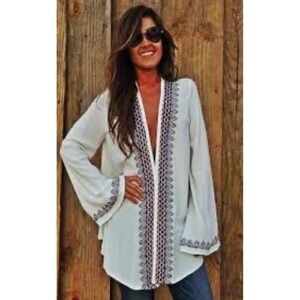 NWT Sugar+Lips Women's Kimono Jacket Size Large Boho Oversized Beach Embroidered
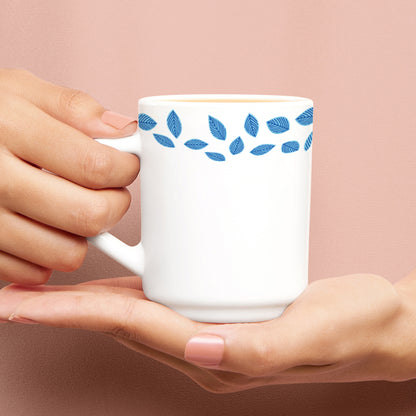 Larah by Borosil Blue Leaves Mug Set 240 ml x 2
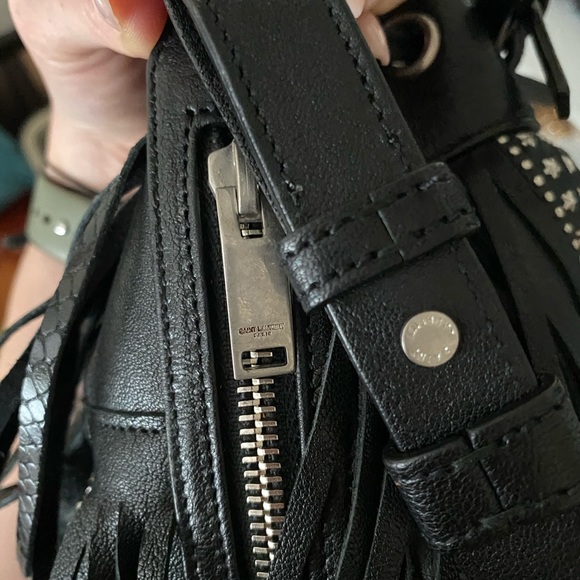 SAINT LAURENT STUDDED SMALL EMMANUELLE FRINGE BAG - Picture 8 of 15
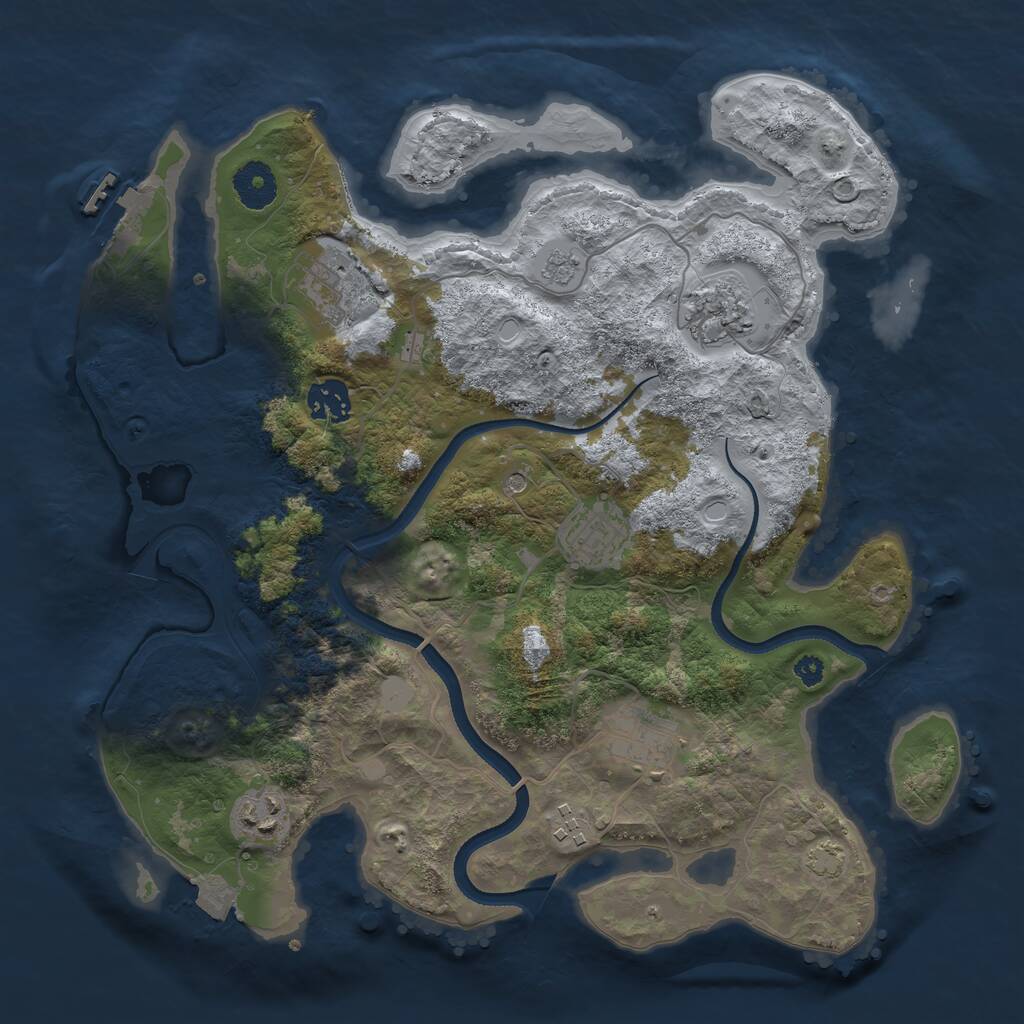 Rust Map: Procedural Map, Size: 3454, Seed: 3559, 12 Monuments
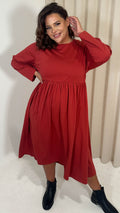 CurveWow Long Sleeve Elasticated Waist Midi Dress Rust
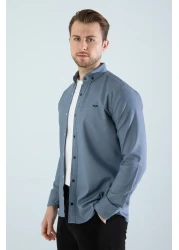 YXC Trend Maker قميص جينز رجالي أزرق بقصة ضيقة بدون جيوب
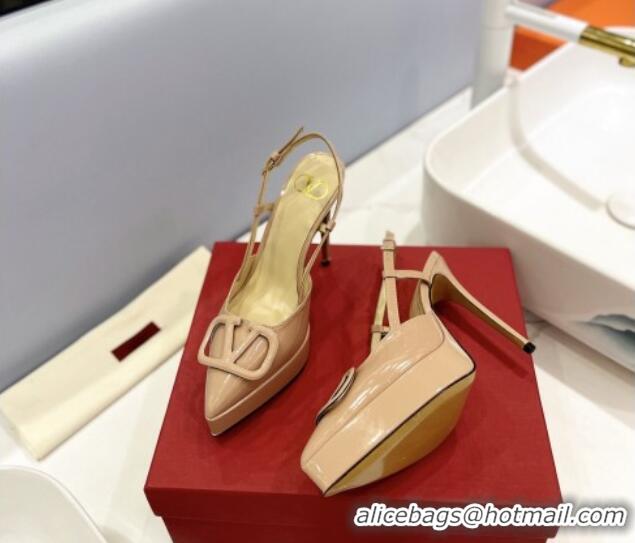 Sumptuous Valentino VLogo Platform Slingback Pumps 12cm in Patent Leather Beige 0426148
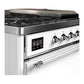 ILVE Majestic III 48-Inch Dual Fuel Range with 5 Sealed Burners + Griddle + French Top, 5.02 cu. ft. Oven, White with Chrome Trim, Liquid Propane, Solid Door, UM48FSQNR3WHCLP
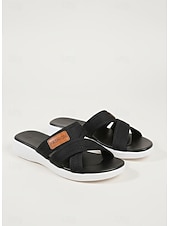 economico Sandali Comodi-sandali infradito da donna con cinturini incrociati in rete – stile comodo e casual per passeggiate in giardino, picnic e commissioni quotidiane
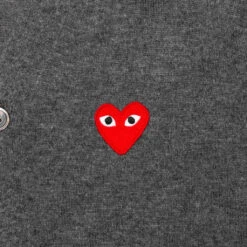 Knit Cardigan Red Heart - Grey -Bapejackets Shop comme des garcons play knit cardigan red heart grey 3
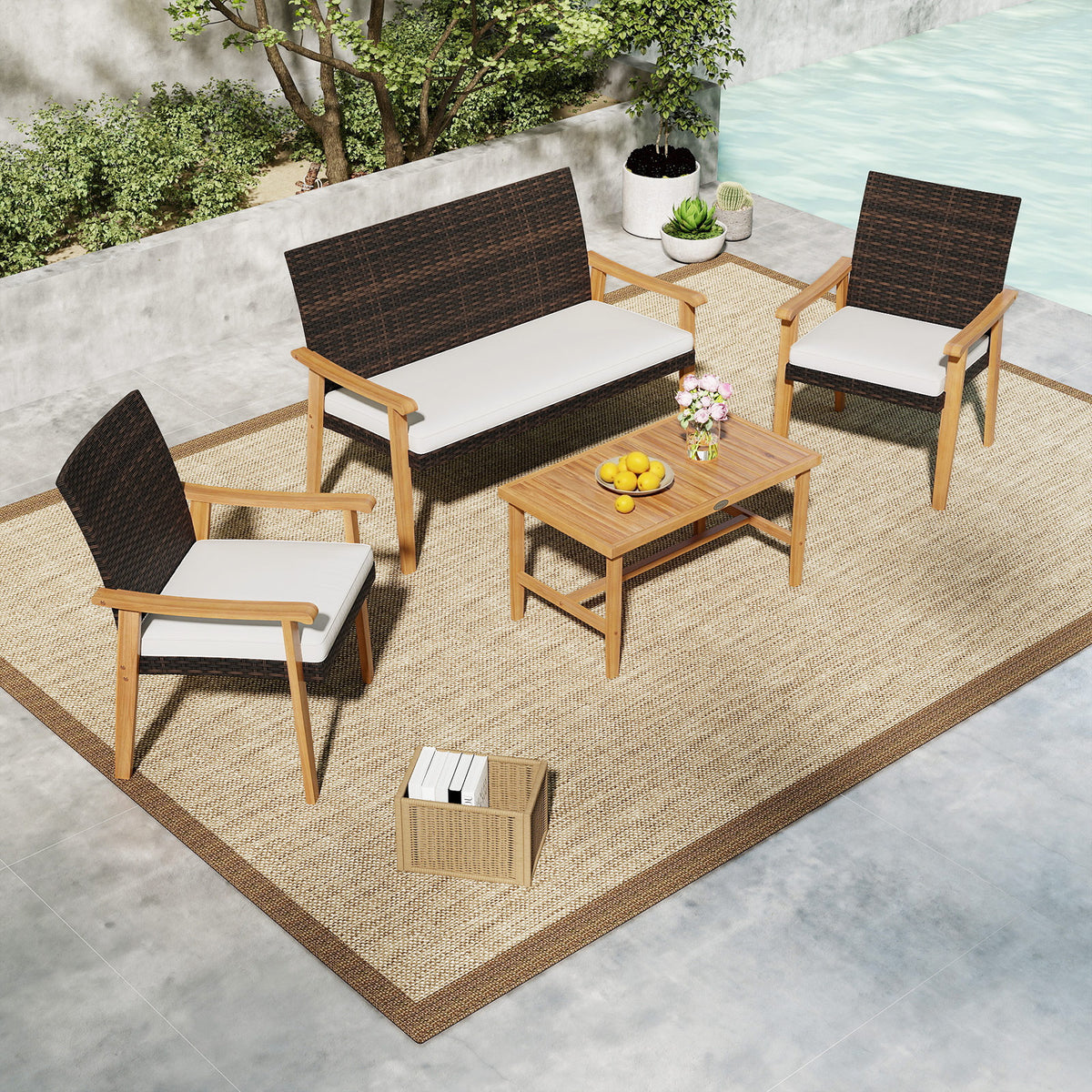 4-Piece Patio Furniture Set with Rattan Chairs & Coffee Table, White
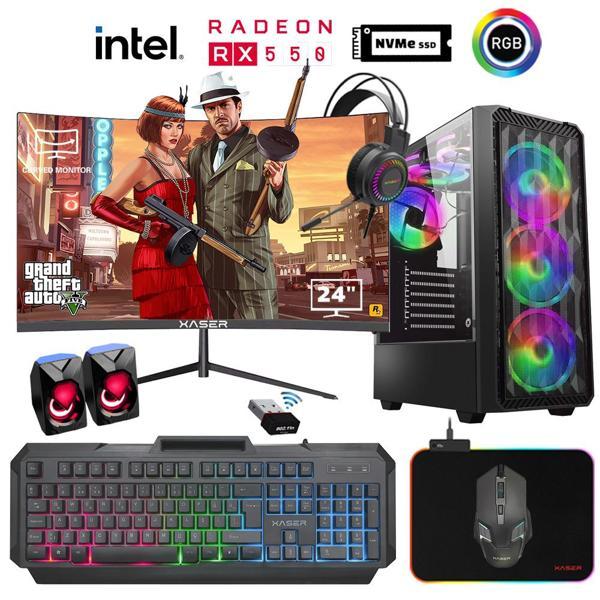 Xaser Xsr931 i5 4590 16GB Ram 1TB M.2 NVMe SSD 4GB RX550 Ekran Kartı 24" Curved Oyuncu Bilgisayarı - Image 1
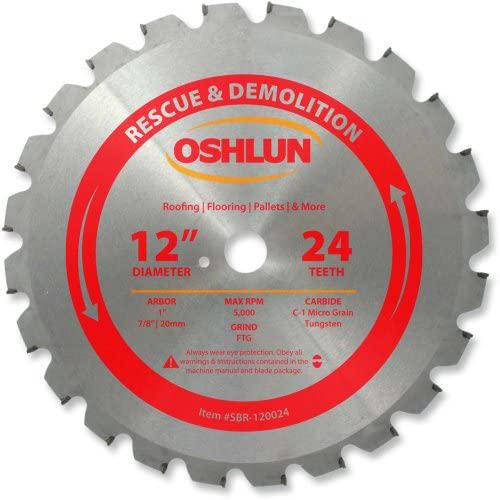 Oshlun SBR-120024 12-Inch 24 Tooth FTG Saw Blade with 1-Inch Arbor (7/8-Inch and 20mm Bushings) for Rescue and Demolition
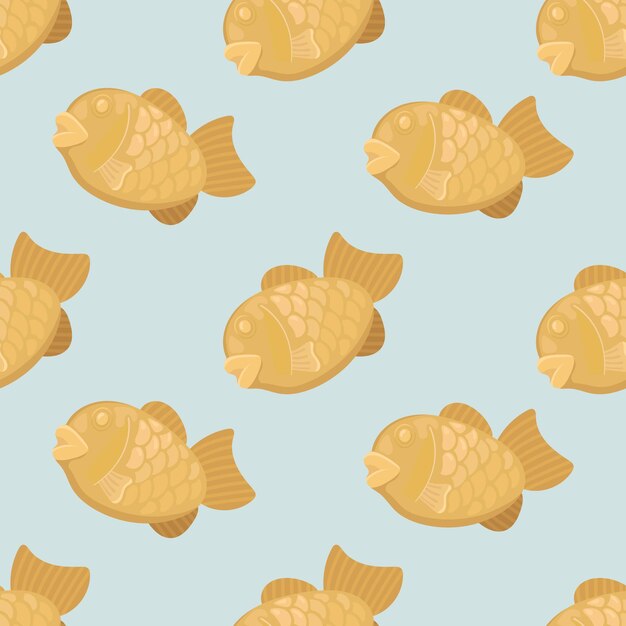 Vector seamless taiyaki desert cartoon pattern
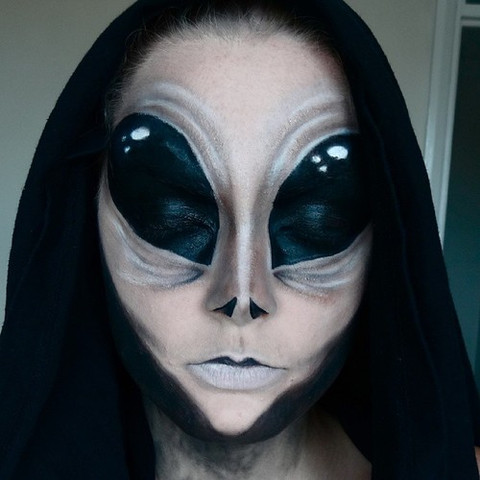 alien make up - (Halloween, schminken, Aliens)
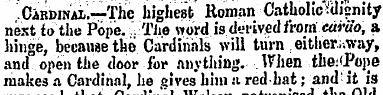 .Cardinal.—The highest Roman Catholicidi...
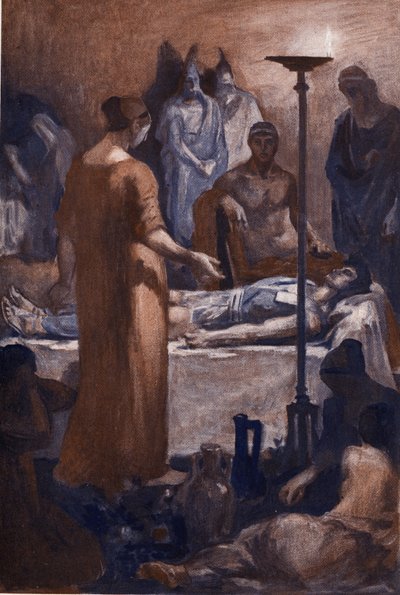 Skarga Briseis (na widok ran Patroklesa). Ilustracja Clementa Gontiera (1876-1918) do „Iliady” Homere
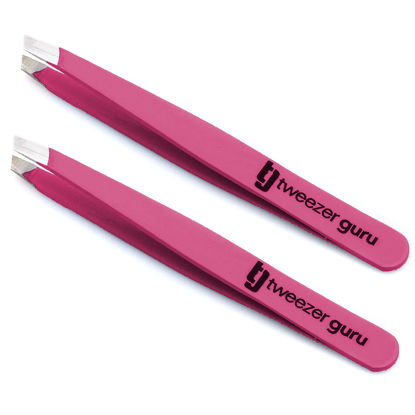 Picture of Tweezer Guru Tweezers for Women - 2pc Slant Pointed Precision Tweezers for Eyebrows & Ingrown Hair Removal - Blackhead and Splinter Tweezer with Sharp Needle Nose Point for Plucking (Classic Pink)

------------------------------------------------

WHAT TO PRODUCE -
A word-for-word transcript of the entries above is needed, with pictures removed.

SOLUTION -
 NWT Sugar+Lips Women's Kimono Jacket Size Large Boho Oversized Beach Embroidered
 Larah by Borosil Blue Leaves Mug Set 240 ml x 2
 SAINT LAURENT STUDDED SMALL EMMANUELLE FRINGE BAG - Picture 8 of 15
 Rust Map: Procedural Map, Size: 3454, Seed: 3559, 12 Monuments
 CurveWow Long Sleeve Elasticated Waist Midi Dress Rust
 YXC Trend Maker قميص جينز رجالي أزرق بقصة ضيقة بدون جيوب
 Sumptuous Valentino VLogo Platform Slingback Pumps 12cm in Patent Leather Beige 0426148
 ILVE Majestic III 48-Inch Dual Fuel Range with 5 Sealed Burners + Griddle + French Top, 5.02 cu. ft. Oven, White with Chrome Trim, Liquid Propane, Solid Door, UM48FSQNR3WHCLP
 economico Sandali Comodi-sandali infradito da donna con cinturini incrociati in rete – stile comodo e casual per passeggiate in giardino, picnic e commissioni quotidiane
 Knit Cardigan Red Heart - Grey -Bapejackets Shop comme des garcons play knit cardigan red heart grey 3
 4-Piece Patio Furniture Set with Rattan Chairs & Coffee Table, White
 Xaser Xsr931 i5 4590 16GB Ram 1TB M.2 NVMe SSD 4GB RX550 Ekran Kartı 24" Curved Oyuncu Bilgisayarı - Image 1
 Oshlun SBR-120024 12-Inch 24 Tooth FTG Saw Blade with 1-Inch Arbor (7/8-Inch and 20mm Bushings) for Rescue and Demolition
 Vector seamless taiyaki desert cartoon pattern
 alien make up - (Halloween, schminken, Aliens)
 .Cardinal.—The highest Roman Catholicidi...
 Skarga Briseis (na widok ran Patroklesa). Ilustracja Clementa Gontiera (1876-1918) do „Iliady” Homere
 Picture of Tweezer Guru Tweezers for Women - 2pc Slant Pointed Precision Tweezers for Eyebrows & Ingrown Hair Removal - Blackhead and Splinter Tweezer with Sharp Needle Nose Point for Plucking (Classic Pink)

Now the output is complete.